信州で暮らしていた頃の友人と十年ぶりに再会できるのです。
 
大学病院で同じセクションで看護師をしていた[戦友]です。
 
二交代の勤務体制でしたが、
 
日勤でも夜勤でも普通に六時間以上は残業をする悪しき慣習の職場。
 
休日出勤も普通、ギャグが無い、など悪例に関して枚挙に暇がない。。
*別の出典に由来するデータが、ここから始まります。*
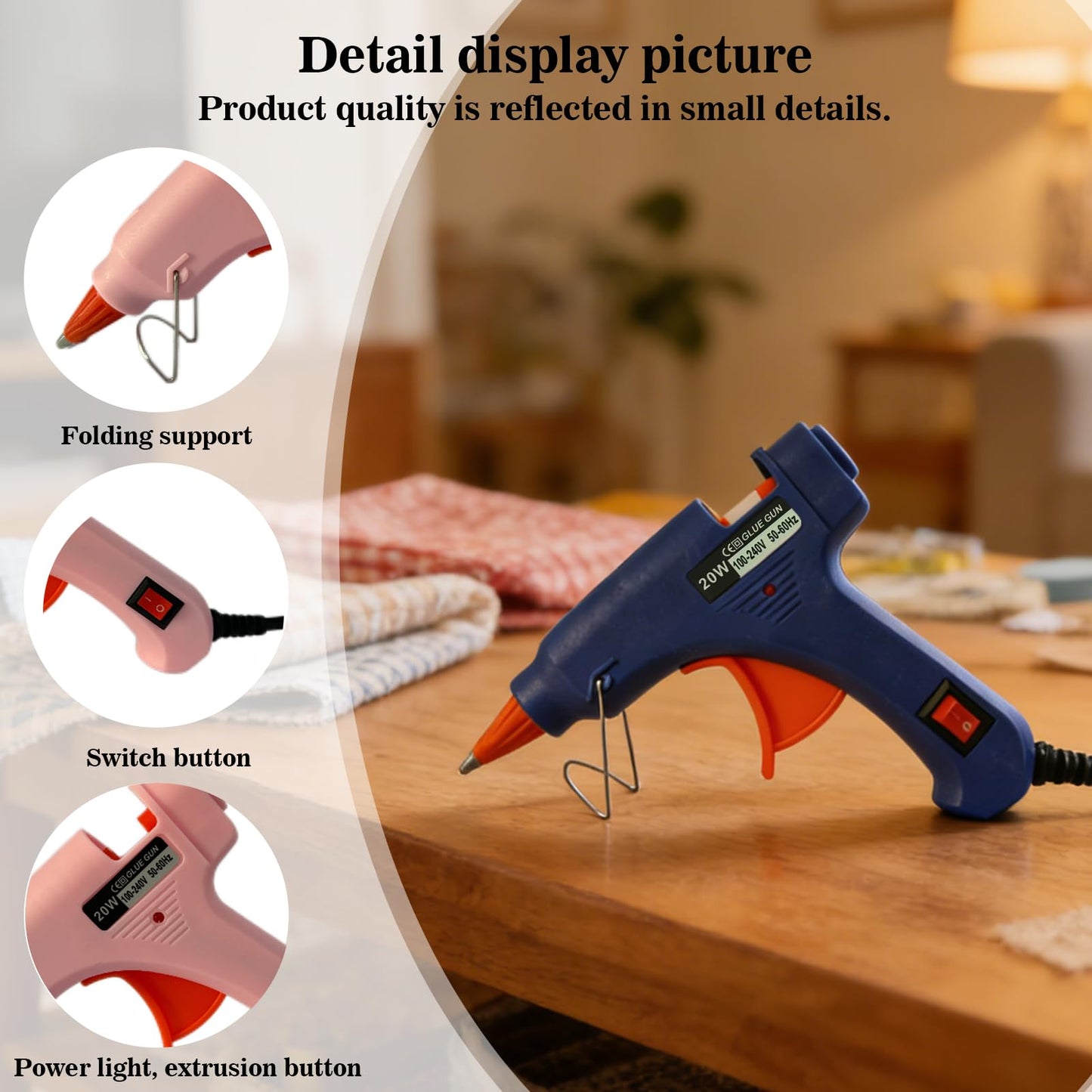 6 Pack Mini Hot Glue Gun Set (3 Pink + 3 Blue) with 30 Long Glue Sticks, 7 x 150mm Low Temp Glue Guns for Crafts, Classroom, DIY Projects & Quick Repairs, 20W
。
 
そして挙げ句の果てに、医療事故。
 
テレビのニュースで、病院幹部が謝罪する映像が流れる。
 
警察から、
 
責任者や当事者(薬剤投与を間違えたスタッフ〕は事情聴取。
 
それ以外はプロセスレコードを提出するのですが、
 
皆とても真摯な気持ちで当時の行動を振り返ってレコードを作成していると、
 
上司である師長が「すごい真剣だね」と心外な言葉を発したのです。
 
〝上司がこういう人で、こういう職場だから医療事故になったんじゃないの⁉︎“
 
って心の叫びが皆から聞こえた気がしました。
 
事故を起こしてしまった以上、真剣に向き合うこと以外のやるべきことは無いのに、、。
 
煮えくり返っていたけれど、肅々と乗り切りました。
 
余裕のない労働環境と人間関係が、最悪の事態を招くのです。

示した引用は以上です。